Incidenti stradali: fatalità?La storia recente della nostra Repubblica, e non solo, è costellata da strani incidenti in genere stradali, metodo per intimidire o per togliere di mezzo personalità scomode oppure solo fatalità e coincidenze.

Ieri mi hanno colpito due cose in tv:

  1. il pianto del magistrato Clementina Forleo, isolata ed attaccata a tutti i livelli, anche quello personale
  2. la trasmissione di RAI 3 “Report” che ricostruiva il groviglio di falsi, complicità finanziarie e coperture politiche del gruppo PARMALAT che hanno creato il più grosso crac della storia d’Europoa (14 miliardi di Euro).
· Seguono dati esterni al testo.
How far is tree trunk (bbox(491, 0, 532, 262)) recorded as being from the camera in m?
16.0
Questi due argomenti hanno un’analogia, un testimone chiave dell’inchiesta, Genesio Fornari, che aveva stipulato i rapporti tra Pubblitalia e Parmalt, deceduto a causa di un incidente stradale.

Nel Blog di Beppe Grillo, il post dove si commenta la solitudine della Forleo termina con il riferimento delle minacce ricevute dal magistrato. Una di queste: “preannunciava entro la fine dell’estate la morte di entrambi i miei genitori, che effettivamente morirono in un incidente stradale il 25 agosto 2005″, considerata una fatalità. Un’altra la riguardava direttamente: “Se non fossi stata attenta, analoga sorte sarebbe toccata a me e a mio marito”; l’incidente fu preceduto da un incendio “doloso” che devastò l’azienda agricola e la casa di famiglia.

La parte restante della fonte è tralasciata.